The Confucius Institutes are in themselves a good thing, as an international cultural presence for China and an exercise in soft power. Canadian universities and colleges, however, should refrain from partnerships with them, as they are bound to include a propagandistic element inconsistent with liberal education.

The name itself is salutary. Mercifully, they are not called the Mao Zedong Institutes. The Chinese Communist Party is now willing to associate itself with a name that suggests ethics, scholarship and traditions that go back long before Marx, Lenin and Mao. Somewhat similarly, a few years after the Second World War, West Germany renamed the Deutsche Akademie as the Goethe-Institut, with admirable connotations of humanism and high culture – rather than murderous totalitarianism or even blood-and-iron Bismarckian nationalism.

The Confucius Institutes are thus the Chinese equivalent not only of the Goethe-Institut, but also of the British Council, the Alliance Française, the Società Dante Alighieri, the Instituto Cervantes and so on. A wider and deeper knowledge of Chinese language and culture outside China is desirable for many reasons, and mutually beneficial for Chinese and non-Chinese alike.
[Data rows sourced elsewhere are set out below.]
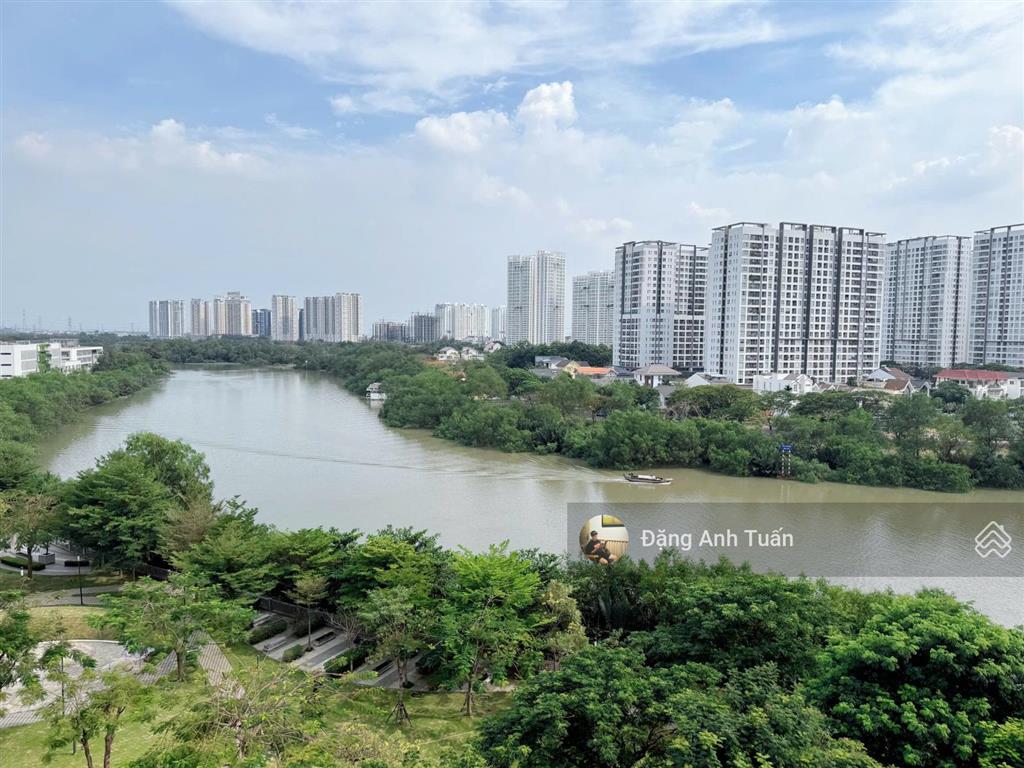 Bán căn hộ riverpark premier, 133m2 view đông nam giá 16 tỷ thương lượng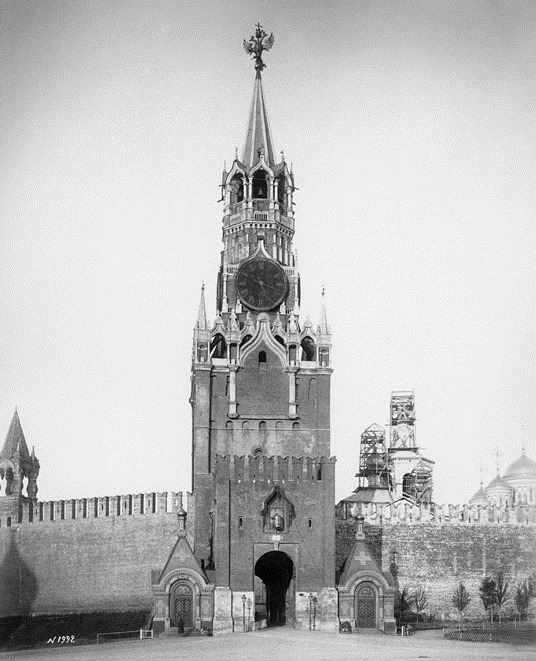 Исторический облик Спасской башни Московского Кремля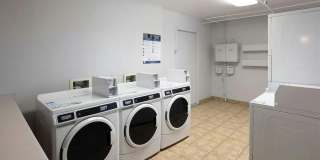 One Bedroom Condo Walking Distance to CU with Fenced Backyard and Flatiron Views! Gallery 24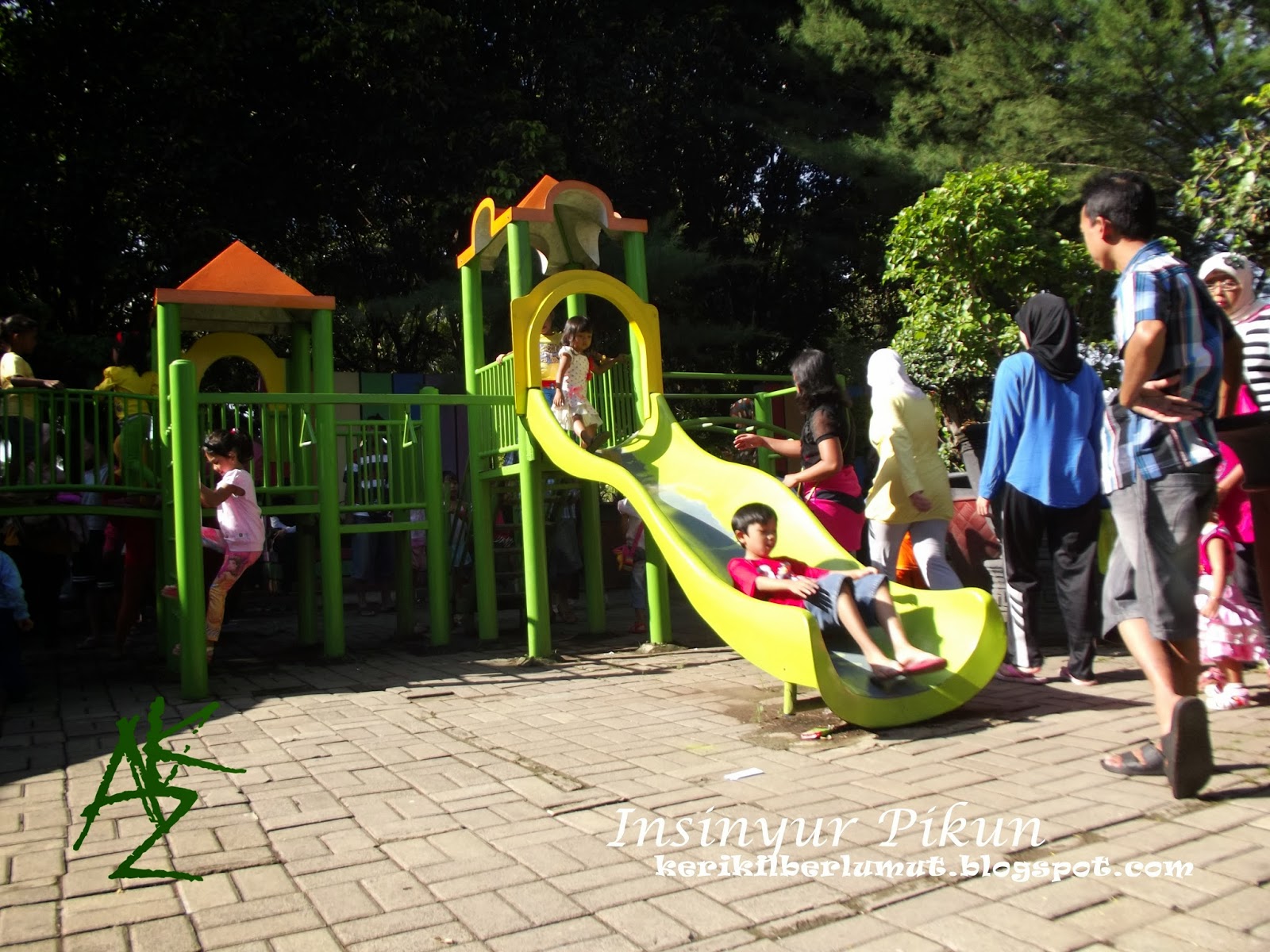 Taman Bermain Anak Pameran Alutsista dan Car Free Day di Jember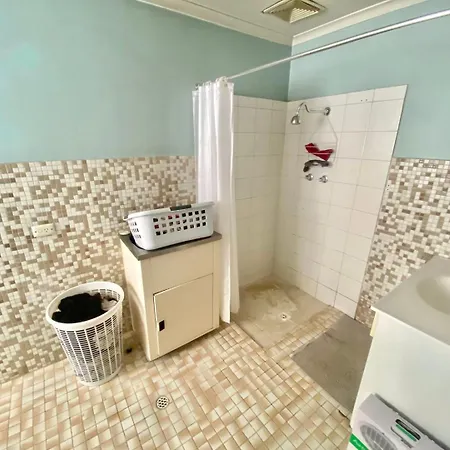 Con Piscina Apartman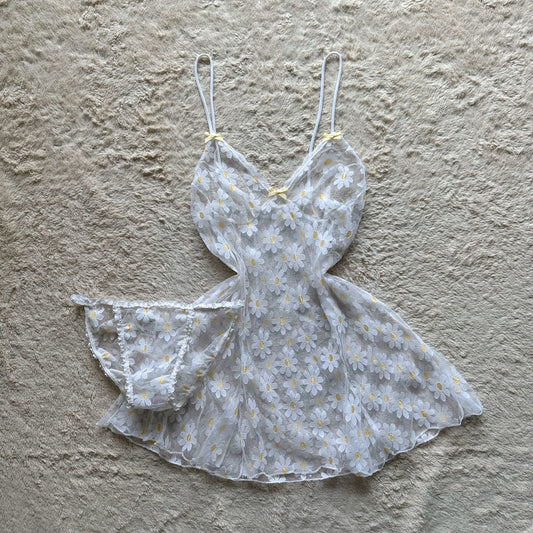 the daisy slip set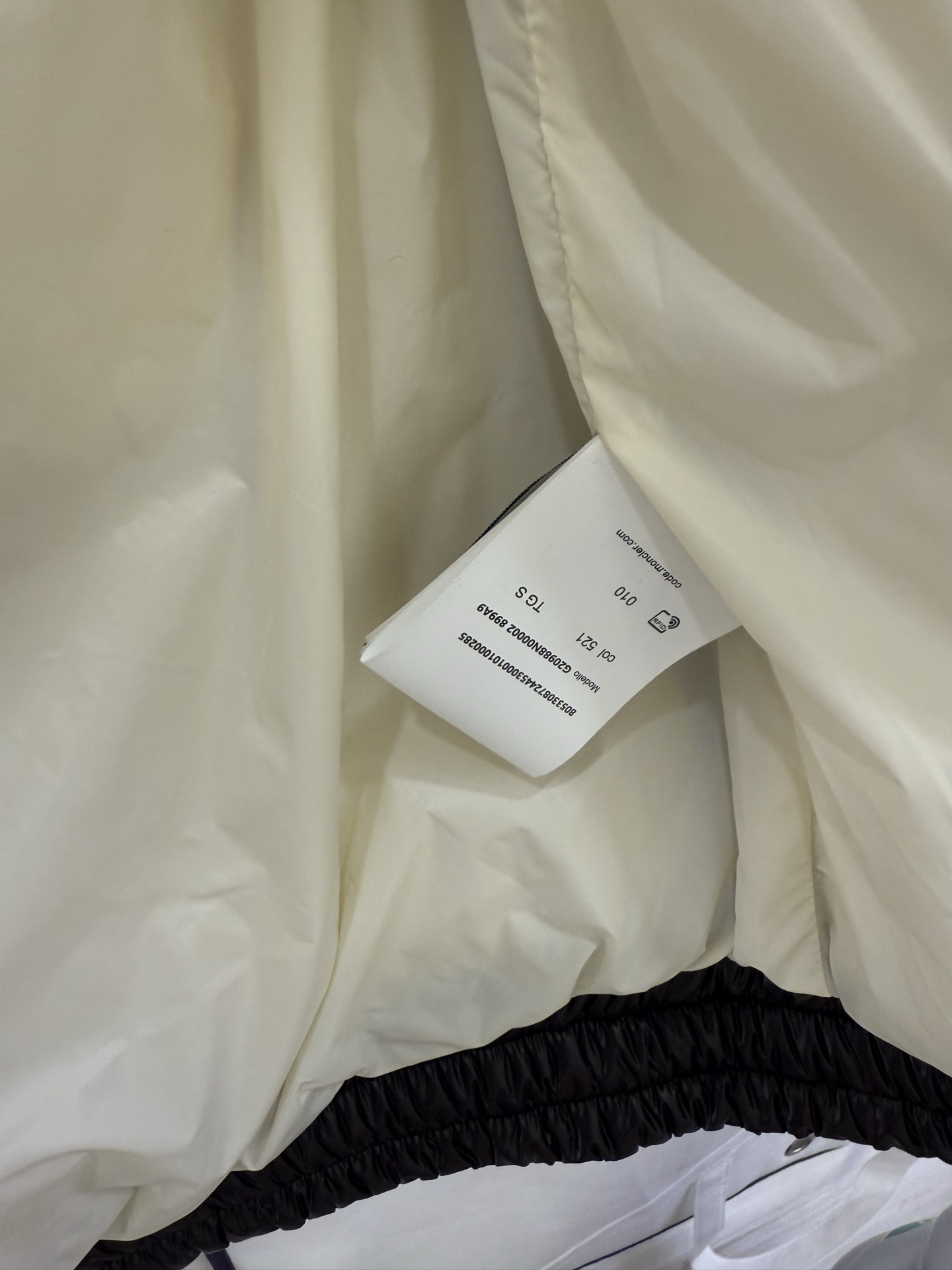 25Moncler蒙口经典Teddy泰迪连帽休闲女士羽绒马甲码数：123颜色：米白 粉色 蓝色 黑色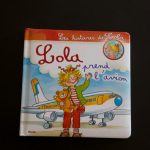 Lola prend l'avion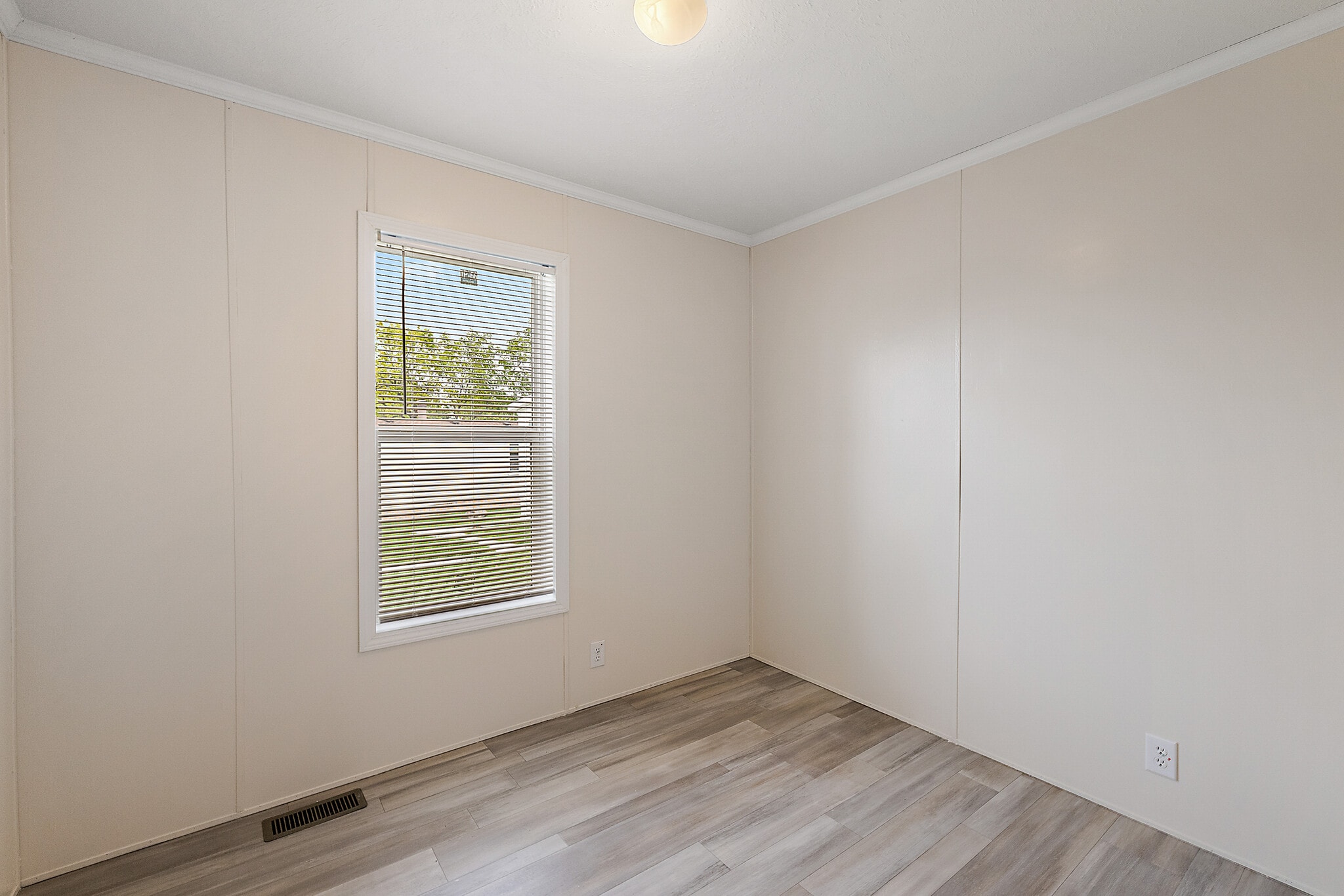 Building Photo - 4418 E Daisy Ln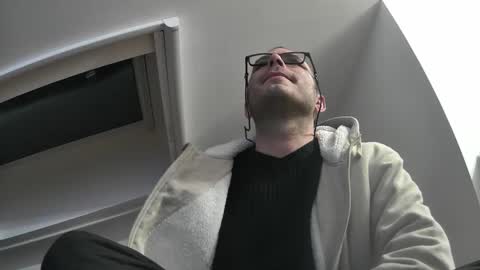 bo22222222 online show from March 15, 2026, 8:15 pm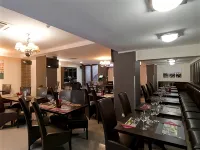 West Plaza Hotel Hotels near Ghencea Stadium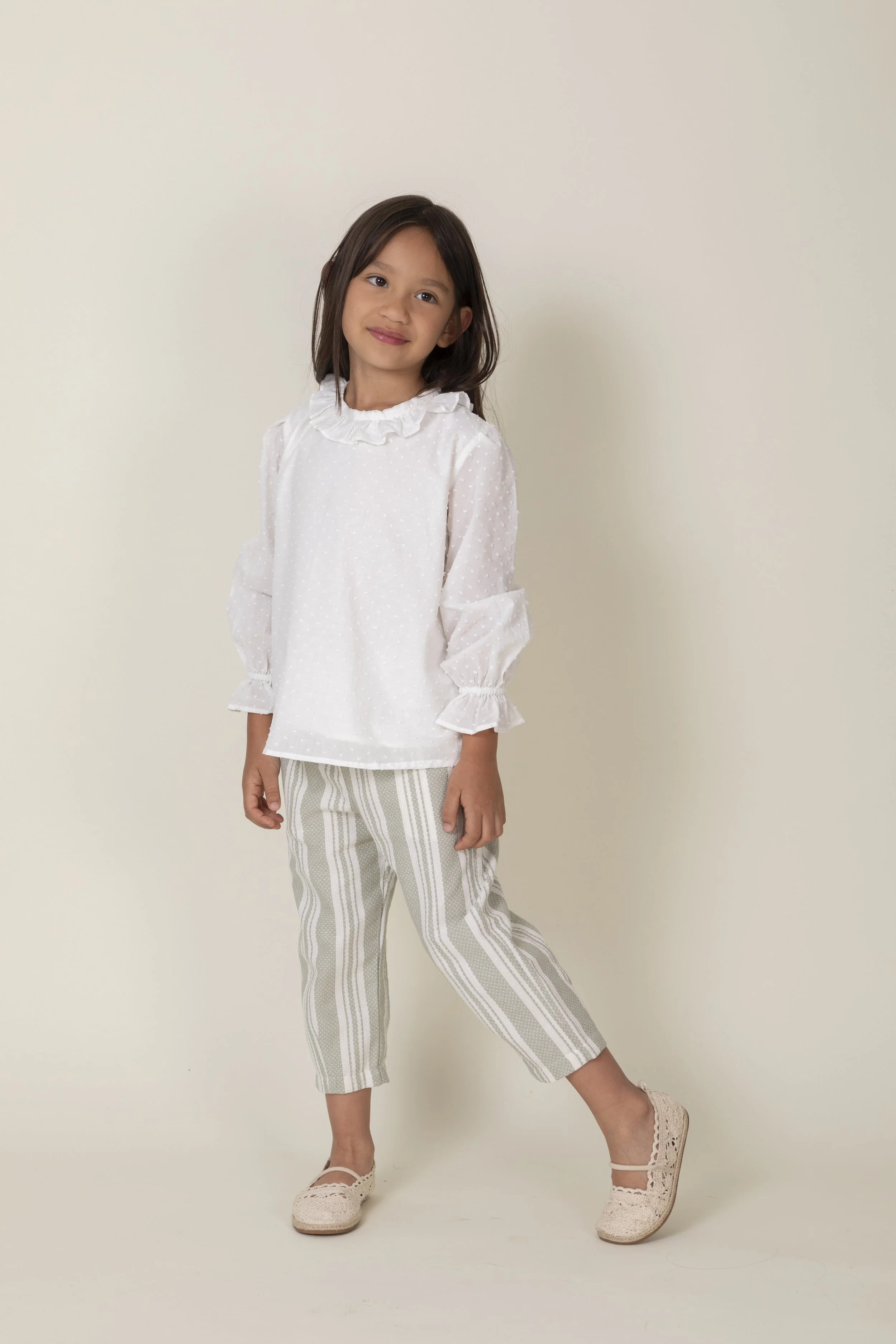HilariaGirls-look02-13.jpg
But the Confucius Institutes have consistently chosen to embed themselves inside educational institutions of the host countries, unlike the similar European entities. Perhaps the initial motive was to save money. The effect, however, is that some courses in universities, colleges and high schools in Canada, as in other countries, assert – usually discreetly – the Chinese government's views on Tibet, Taiwan, North Korea, the Taoist religious group Falun Gong and other contentious matters. By contrast, liberal education should provide a free, wide range of views.

The Confucius Institutes are entitled to carry on their work and express the views of the ruling Chinese party. But Canadian educational institutions that have entered into partnerships with the Institutes, including McMaster University, the University of Regina and the University of Sherbrooke, will undermine their reputations. The ostensible heirs of Confucius should stand on their own feet.